SOCIAL MEDIA AND NETWORK THEORY

Tsvetovat & Kouznetsov, in their manual ‘Social Network Analysis for Startups: Finding connections on the social web’, the authors observed how almost every startup in 2011 was using the word ‘social’ in their business plans, but very few knew how to analyze and understand “the social processes that can result in their firm’s success or failure” (Tsvetovat & Kouznetsov, 2011: vii). Very much the same can be said about the word ‘network’, in their manual “Understanding Social Networks (2012) Charles Kadushin wrote: “‘Networking seems to be on everyone's lips. No one simply goes to a party anymore. They go to Network. For many people, the World Wide Web exists for the main purpose of making connections” (2012:3)

Social Network Analysis has its origins in both social science and in the fields of network analysis and graph theory, and even its recent popularization due to the advent of the Social Internet. It has not always been such a popular field. A decade ago data was hard to get and hard to work with. Today, “every day, Twitter generates more social-network data then our entire field possessed 10 years ago; every social media site provides an API for easy retrieval of data; many governments of the world are releasing data that lends itself to SNA (Social Network Analysis) techniques” (Tsvetovat & Kouznetsov, 2011:1)

In their presentation during the data sprint summer school 2016 at the Chinese University of Hong Kong, professor Céline Yunya Song introduce the analysis and visualization of social networks with what she called the “Then master ideas of social networks” as compiled by Kadushin (2012)
 
In the specific context of organizational research and social network analysis, the idea of social capital may particularly relevant to be able to read network activities in terms of value (Putnam, 2008 in Kadushin, 2012:162). It is believed that “Networks in social systems may be nested, for example, organization networks within industry networks” and that social capital “brings us back to the fundamental premises of social networks, the tradeoff between the comfort and support individuals drives from dense networks of social relationships and the benefits achieved by going beyond local circles and forging bridges to wider universes” (Kadushin, 2012:162).

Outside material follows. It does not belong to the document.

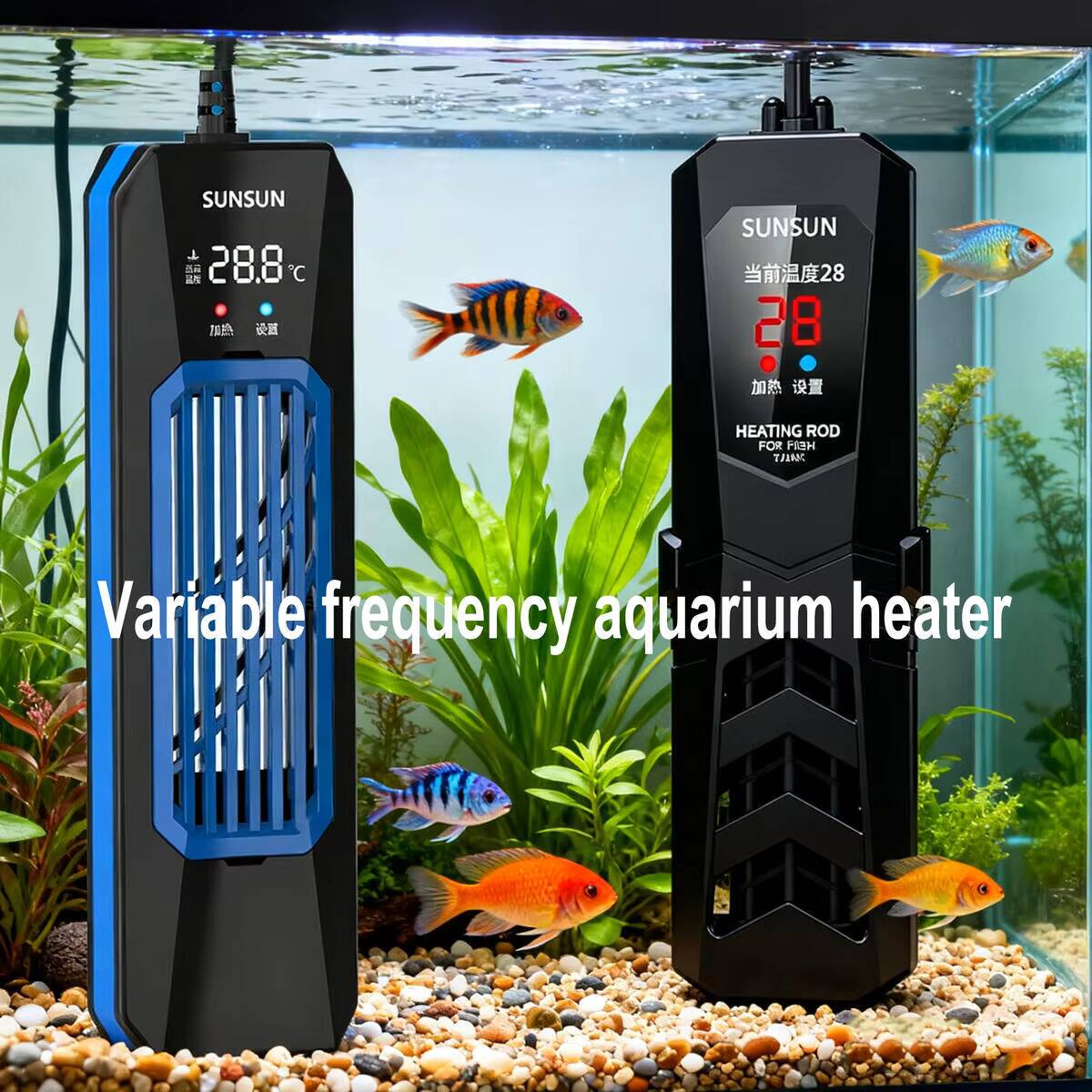 50-1000W nuevo SUNSUN PTC ARK  - Reef Tank Filter reseña y precio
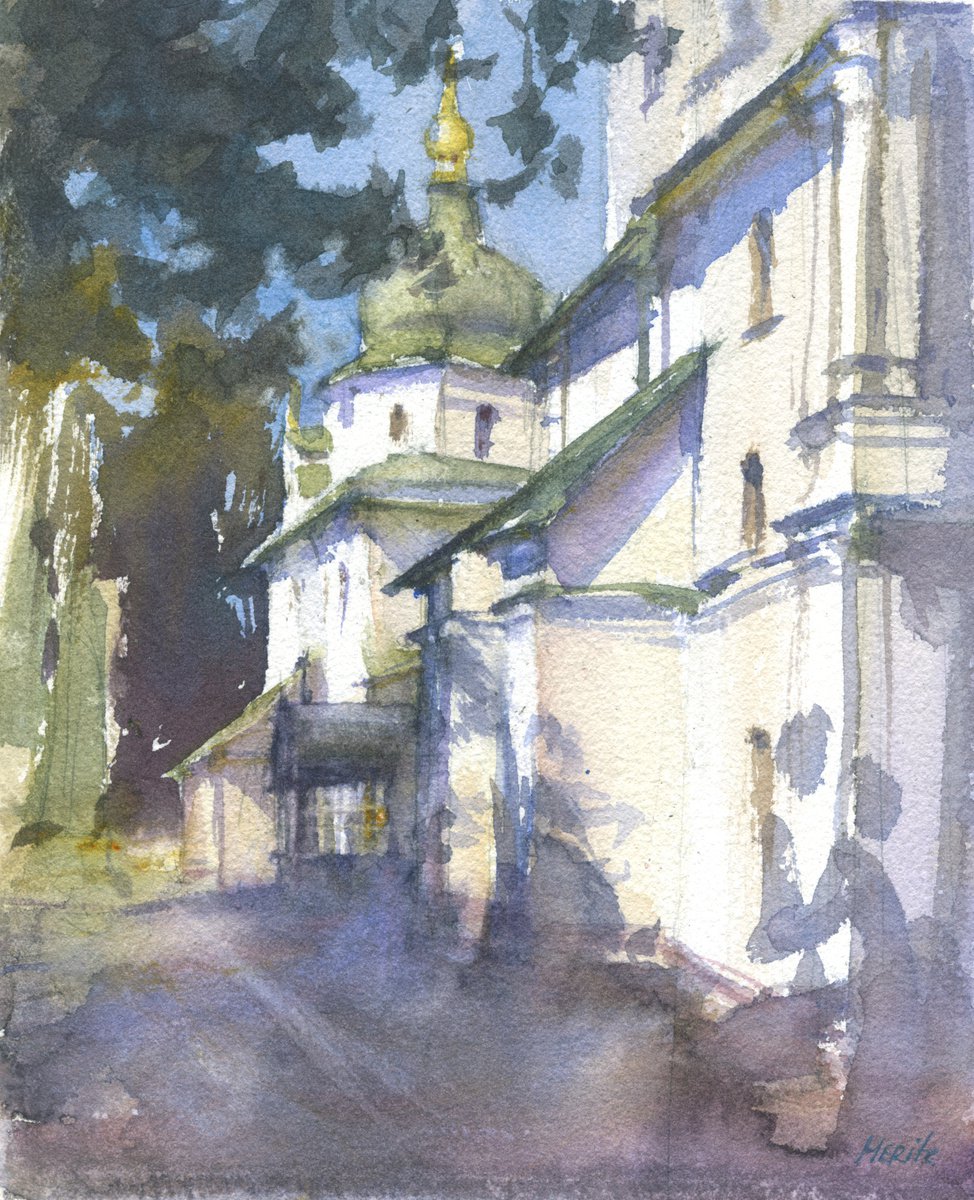 St. Sofia Cathedral in Kyiv by Merite Watercolour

Over the last years, ‘big data’ has become a product of social networks, and, according to Tsvetovat & Kouznetsov “social networks, as they exist today, are important to us in one primary aspect: as colossal data collectors of human behavior patterns, eagerly powered by the examined themselves, operating on a global scale with near-instant response time. The end result is vast volumes of data, coming at us in a steady stream” (2011:151). But certainly, it seems quite important to remind that no all data is big data. On the matter of the realms of data sizes, Tsvetovat & Kouznetsov propose a pyramid to explain the differences between small, medium, and big data.  Medium data - data which contain millions of nodes, snapshots from APIs -  is still the traditional solution to process large datasets in SQL-based databases. Small data refers to flat file representations - data which contain 1000s of nodes, manually collected- and datasets that do not require the complexity of a relational database. Big data is too big for relational databases, we are talking about real-time social media data with billions of nodes (2011:38)

Even if not all data is big data, a widely held assumption is the correlation between social media interactions -in form of social media data-  and the formation of new networks. In order to understand and map the relation between networks in organizational research, Colin Crook suggest approaching business “as if a business was a ‘living system’”. Therefore as it, the relation between networks was an ecosystem itself (in Kleindorfer, 2009:214).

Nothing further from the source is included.